The federal government is giving local councils the flexibility to choose whether or not to hold citizenship ceremonies on Australia Day, allowing them now to be three days before or after January 26.
- The change will come into effect for ceremonies next year
- The government still expects most ceremonies to be held on January 26
- Two Melbourne councils stripped of the ability to hold ceremonies have had it reinstated
The government is changing the code that governs when the ceremonies can be held, meaning from next year they can take place from January 23 to January 29.
Minister for Immigration, Citizenship and Multicultural Affairs Andrew Giles also announced that two councils in Melbourne — the City of Yarra and Darebin City Council — would have the ability to hold citizenship ceremonies reinstated.
The councils were stripped of that power by the previous Coalition government in 2017 after both voted to scrap citizenship ceremonies on January 26 in a protest over what the day signifies for Aboriginal and Torres Strait Islander people.

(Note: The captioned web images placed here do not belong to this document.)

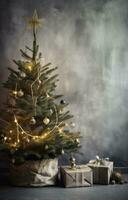 ai gegenereerd Kerstmis boom versierd met cadeaus en hout foto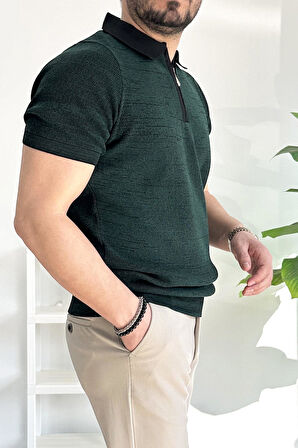 Erkek Polo Yaka Fermuarlı Renk Desenli Tişört Koyu Yeşil Edw263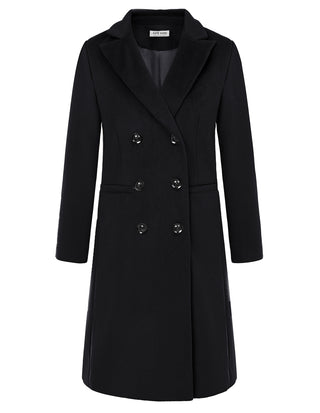 Trench Coats for Women 2023 Winter Faux Wool Notch Lapel Double-Breasted Long Peacoat with Slit Pockets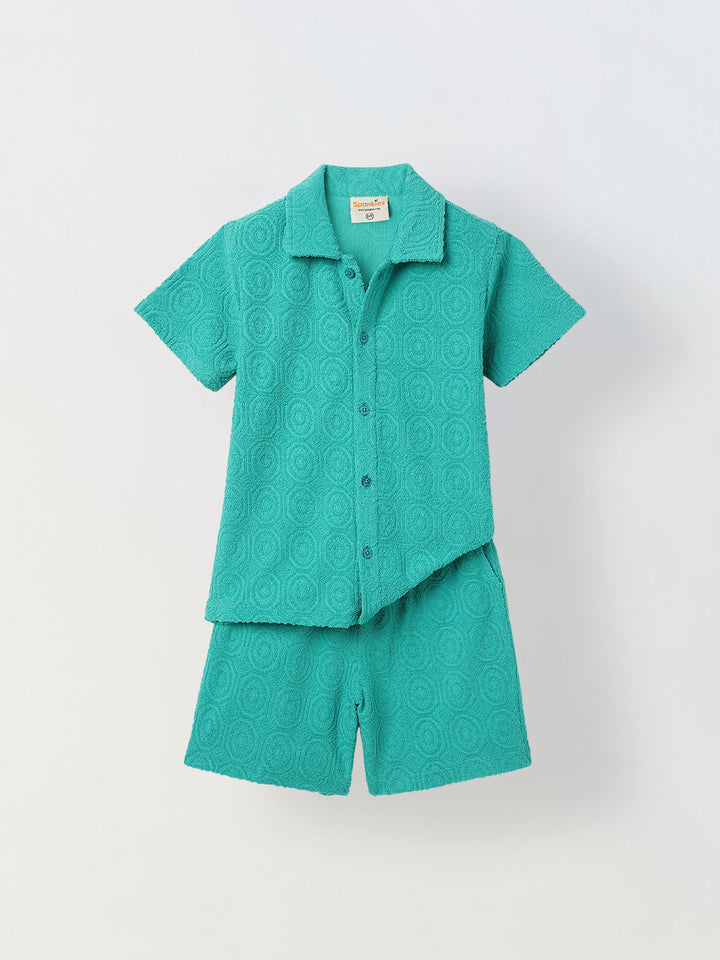 Boys Green Cotton Jacquard  Polo T-shirt and Shorts Set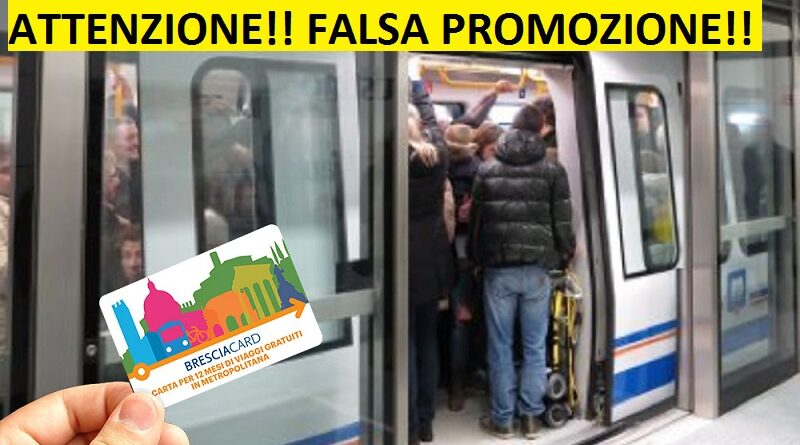 Metro di Brescia: attenzione ai social! Gira una falsa iniziativa promozionale attribuita al gruppo.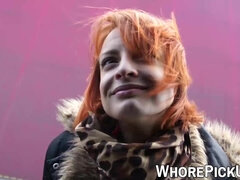 Grote lul, Sperma shot, Lul, Natuurlijke tieten, Gezichtspunt, Prostituee, Roodharige vrouw, Slet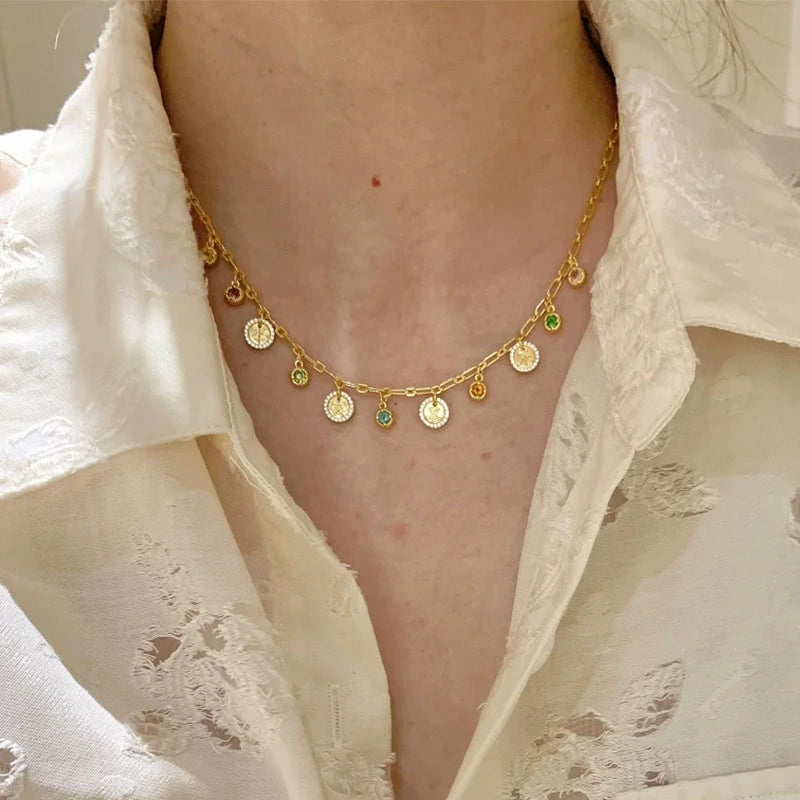 Rainbow Tourmaline Copper Alloy Necklace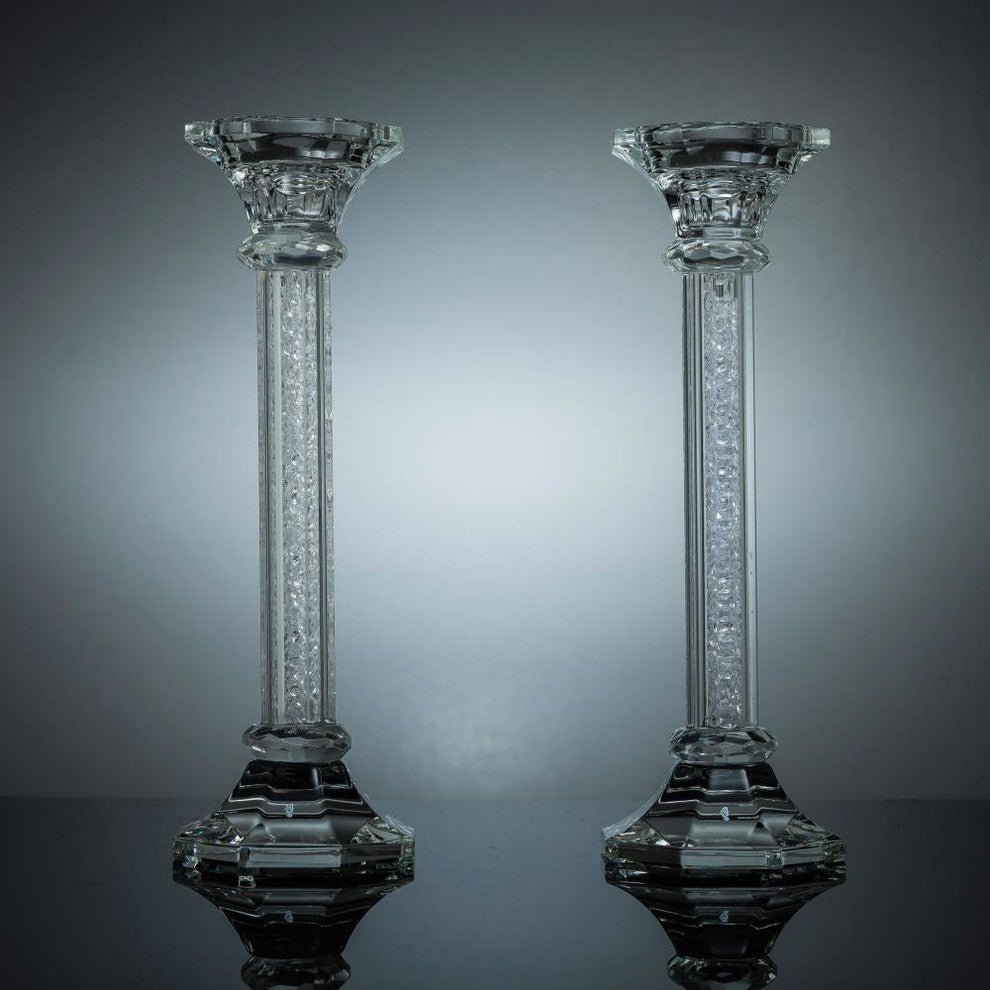 Premium 9" Crystal Candlestick (2-Piece Set) Large  Radiant Gems Inside Stem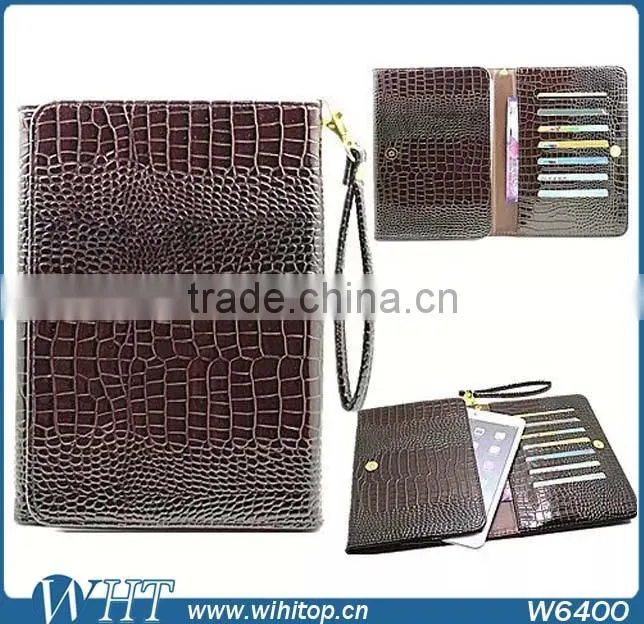 Protective Case for 8" Android Tablet, Crocodile Pattern Flip Wallet PC+PU Leather 8 inch Universal Tablet Leather Case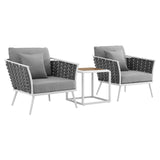 Stance 3 Piece Outdoor Patio Aluminum Sectional Sofa Set by Lefancy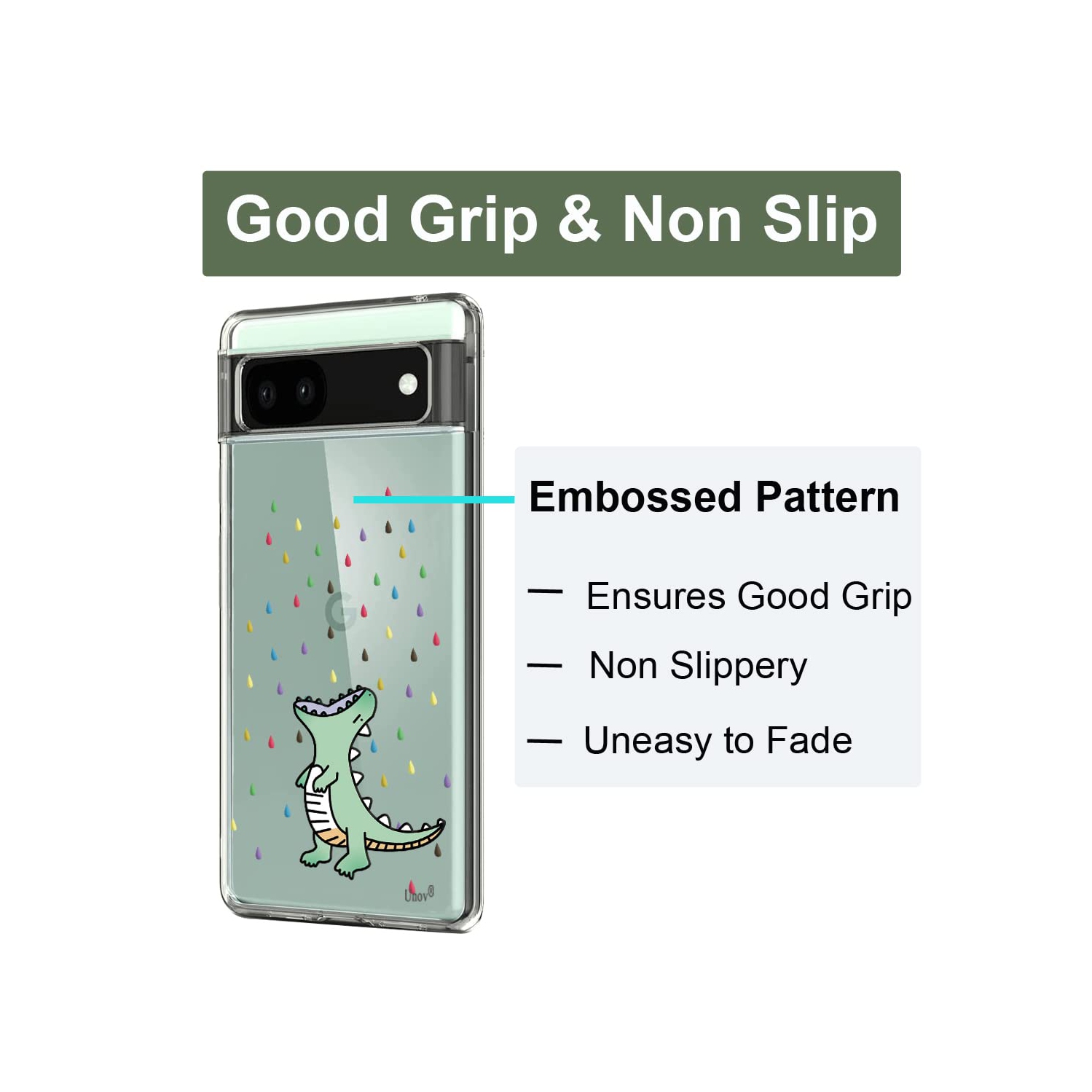 Compatible with Pixel 6a Case Clear with Design Soft TPU Shock Absorption Slim Embossed Pattern Protective Back Cover for Pixel 6a 5G 6.1 inch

Mr Giles described the move as a “pragmatic change”.
“It is the Australian government’s strong expectation that councils conduct ceremonies on January 26,” he said.
“The Australian government implores councils to have new citizens as their key focus, recognising that many community members want to complete their journey to Australian citizenship in connection with Australia Day,” he said.
“The government’s priority is to ensure that, where people have made the choice to become Australia citizens, they are afforded that opportunity in their own communities, with friends and family, in a timely way.”
Prime Minister Anthony Albanese echoed Mr Giles’ comments, saying the government’s decision was to make sure that regardless of where future-citizens live they will be able to attend a citizenship ceremony in person.
Shadow Minister for Immigration and Citizenship Dan Tehan accused Labor of undermining the date’s significance and “laying the groundwork to abolish January 26 as Australia Day”.
“New citizens are taught that Australia Day is our biggest annual public holiday and that the day ‘is about acknowledging and celebrating the contribution that every Australian makes to our contemporary and dynamic nation’,” he said.
“Now the message they are receiving from the Albanese government is that January 26 is no more special than any other day of that week.”
Mr Albanese denied the move was part of a broader plan to move Australia Day to a different date.
The minister said a number of councils had indicated that they wanted to move away from holding the ceremonies on Australia Day because of higher costs for operating on a public holiday, and a desire to include the ceremonies as part of a broader program.
In 2017, Yarra Council voted to hold a small-scale “culturally sensitive” event featuring a smoking ceremony on January 26.